WDR Symphony Orchestra Cologne / Peter Hirsch

Summary

Wergo continues its long-term edition devoted to Bernd Alois Zimmermann (1918-70) with this collection of orchestral pieces spanning the greater part of his composing. This is the third such release under the direction of Peter Hirsch – who, as with Zimmermann, hails from Cologne.

What’s the music like?

As varied as Zimmermann’s output when taken overall. Earliest is the Concerto for Strings, derived from a string trio of four years before and whose trenchant ‘Introduction’, plangent ‘Aria’ and incisive ‘Finale’ evince the expected influences of Bartók and Hindemith but also Karl Amadeus Hartmann – conscience of German music during the Third Reich and mentor to numerous post-war composers.

Among the most striking of Zimmermann’s earlier works, the Symphony in One Movement is heard in the 1951 original which, less cohesive than the 1953 revision (transitions tend to be overly rhetorical), impresses with its emotional intensity and visceral organ writing.
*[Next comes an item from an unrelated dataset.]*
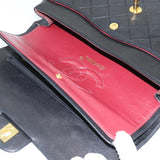Chanel Matelasse 25 Turn Lock Chain Hand Bag Lamb Skin Black CC Auth yk14030A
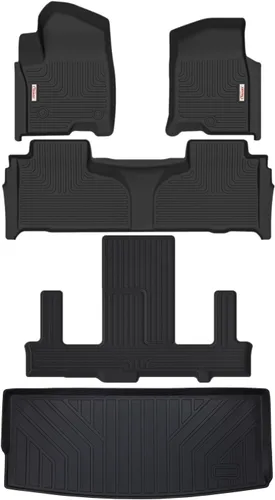 Alfombrillas de suelo y alfombrilla de maletero Tesson para Chevy Tahoe/GMC Yukon/Yukon Denali 2021-2025 2026 7 plazas (NO para Yukon XL),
Coldly received at its premiere, the music’s expressionist manner can now be heard as ahead of rather than behind its time – any formal imperfections arising from recklessness rather than uncertainty of purpose (as in the original version of Varèse’s Amériques when compared to its revision). The composer’s observation that this work ends at the point where symphonic evolution might usually commence never felt more apposite.

The remaining two pieces are closely intertwined conceptually. Zimmermann had previously arranged selections of ‘early’ music for radio broadcast, but with Giostra Genovese he took dances by Susato, Byrd and Gibbons then transformed them to ironic, alienated and even threatening effect. A portent to similar, more self-conscious, stylistic practices by Schnittke and Maxwell Davies, it was later withdrawn and reworked as Musique pour les soupers du Roi Ubu – the ‘Ballet noir’ such as marks the climax of the composer’s ever more fraught relationship to music from the past.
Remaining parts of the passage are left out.